* Exercise input *
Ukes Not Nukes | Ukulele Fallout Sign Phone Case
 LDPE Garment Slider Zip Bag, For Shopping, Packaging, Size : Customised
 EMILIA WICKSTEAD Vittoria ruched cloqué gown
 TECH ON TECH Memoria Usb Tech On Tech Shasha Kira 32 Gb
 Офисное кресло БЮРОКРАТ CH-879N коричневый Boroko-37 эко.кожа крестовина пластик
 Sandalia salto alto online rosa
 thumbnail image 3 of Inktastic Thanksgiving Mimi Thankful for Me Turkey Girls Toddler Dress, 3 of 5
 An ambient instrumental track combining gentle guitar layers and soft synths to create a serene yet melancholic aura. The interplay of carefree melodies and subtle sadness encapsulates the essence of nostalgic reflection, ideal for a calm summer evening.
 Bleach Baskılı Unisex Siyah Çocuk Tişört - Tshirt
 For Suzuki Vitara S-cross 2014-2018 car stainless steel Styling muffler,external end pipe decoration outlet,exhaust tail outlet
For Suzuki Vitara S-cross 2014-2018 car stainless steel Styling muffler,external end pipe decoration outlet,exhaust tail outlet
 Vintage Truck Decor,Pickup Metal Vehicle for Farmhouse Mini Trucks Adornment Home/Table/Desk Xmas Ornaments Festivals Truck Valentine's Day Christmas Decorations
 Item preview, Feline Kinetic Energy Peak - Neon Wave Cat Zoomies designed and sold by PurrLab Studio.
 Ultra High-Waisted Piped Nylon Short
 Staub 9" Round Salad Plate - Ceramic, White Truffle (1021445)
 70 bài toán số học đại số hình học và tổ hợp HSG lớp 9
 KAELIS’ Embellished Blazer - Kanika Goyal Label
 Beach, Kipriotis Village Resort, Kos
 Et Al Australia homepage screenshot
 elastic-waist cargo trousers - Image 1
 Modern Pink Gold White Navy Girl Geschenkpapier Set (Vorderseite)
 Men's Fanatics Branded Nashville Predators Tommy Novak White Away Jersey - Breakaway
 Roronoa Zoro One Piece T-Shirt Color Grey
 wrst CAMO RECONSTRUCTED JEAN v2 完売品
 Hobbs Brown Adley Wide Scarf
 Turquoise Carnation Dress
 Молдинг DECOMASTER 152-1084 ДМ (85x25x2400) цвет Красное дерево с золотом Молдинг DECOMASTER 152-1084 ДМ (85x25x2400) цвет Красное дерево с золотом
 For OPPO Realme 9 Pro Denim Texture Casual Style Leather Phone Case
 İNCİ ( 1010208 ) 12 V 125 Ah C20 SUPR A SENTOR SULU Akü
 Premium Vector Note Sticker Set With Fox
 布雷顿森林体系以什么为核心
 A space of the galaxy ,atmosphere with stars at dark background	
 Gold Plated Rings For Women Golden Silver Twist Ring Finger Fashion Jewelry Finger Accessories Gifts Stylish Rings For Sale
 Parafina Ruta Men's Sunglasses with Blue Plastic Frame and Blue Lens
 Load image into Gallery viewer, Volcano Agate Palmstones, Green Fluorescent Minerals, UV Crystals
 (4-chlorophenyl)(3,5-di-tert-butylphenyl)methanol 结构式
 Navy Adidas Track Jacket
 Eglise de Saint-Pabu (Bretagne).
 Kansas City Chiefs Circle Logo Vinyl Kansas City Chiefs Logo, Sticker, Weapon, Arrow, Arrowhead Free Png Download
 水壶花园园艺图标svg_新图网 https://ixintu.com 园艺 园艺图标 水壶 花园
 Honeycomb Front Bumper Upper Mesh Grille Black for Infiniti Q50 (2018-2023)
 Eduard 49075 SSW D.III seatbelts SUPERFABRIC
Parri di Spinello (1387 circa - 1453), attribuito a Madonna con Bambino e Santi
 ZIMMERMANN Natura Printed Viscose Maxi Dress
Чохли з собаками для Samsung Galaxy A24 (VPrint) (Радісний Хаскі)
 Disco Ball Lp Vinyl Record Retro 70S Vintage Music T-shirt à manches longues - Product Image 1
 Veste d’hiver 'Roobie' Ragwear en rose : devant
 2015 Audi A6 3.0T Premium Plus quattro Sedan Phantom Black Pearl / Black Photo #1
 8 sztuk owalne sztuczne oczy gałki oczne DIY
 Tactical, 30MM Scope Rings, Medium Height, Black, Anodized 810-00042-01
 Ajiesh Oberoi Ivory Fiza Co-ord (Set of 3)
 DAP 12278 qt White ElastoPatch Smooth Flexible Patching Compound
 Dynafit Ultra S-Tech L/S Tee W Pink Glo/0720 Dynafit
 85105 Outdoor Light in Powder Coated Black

* Task statement *
Repeat the lines from the one containing "水壶花园园艺图标svg_新图网 https://ixintu.com 园艺" through the end of the listing, exactly and without any other lines; both ends are included.

* Solution to the exercise *
 水壶花园园艺图标svg_新图网 https://ixintu.com 园艺 园艺图标 水壶 花园
 Honeycomb Front Bumper Upper Mesh Grille Black for Infiniti Q50 (2018-2023)
 Eduard 49075 SSW D.III seatbelts SUPERFABRIC
Parri di Spinello (1387 circa - 1453), attribuito a Madonna con Bambino e Santi
 ZIMMERMANN Natura Printed Viscose Maxi Dress
Чохли з собаками для Samsung Galaxy A24 (VPrint) (Радісний Хаскі)
 Disco Ball Lp Vinyl Record Retro 70S Vintage Music T-shirt à manches longues - Product Image 1
 Veste d’hiver 'Roobie' Ragwear en rose : devant
 2015 Audi A6 3.0T Premium Plus quattro Sedan Phantom Black Pearl / Black Photo #1
 8 sztuk owalne sztuczne oczy gałki oczne DIY
 Tactical, 30MM Scope Rings, Medium Height, Black, Anodized 810-00042-01
 Ajiesh Oberoi Ivory Fiza Co-ord (Set of 3)
 DAP 12278 qt White ElastoPatch Smooth Flexible Patching Compound
 Dynafit Ultra S-Tech L/S Tee W Pink Glo/0720 Dynafit
 85105 Outdoor Light in Powder Coated Black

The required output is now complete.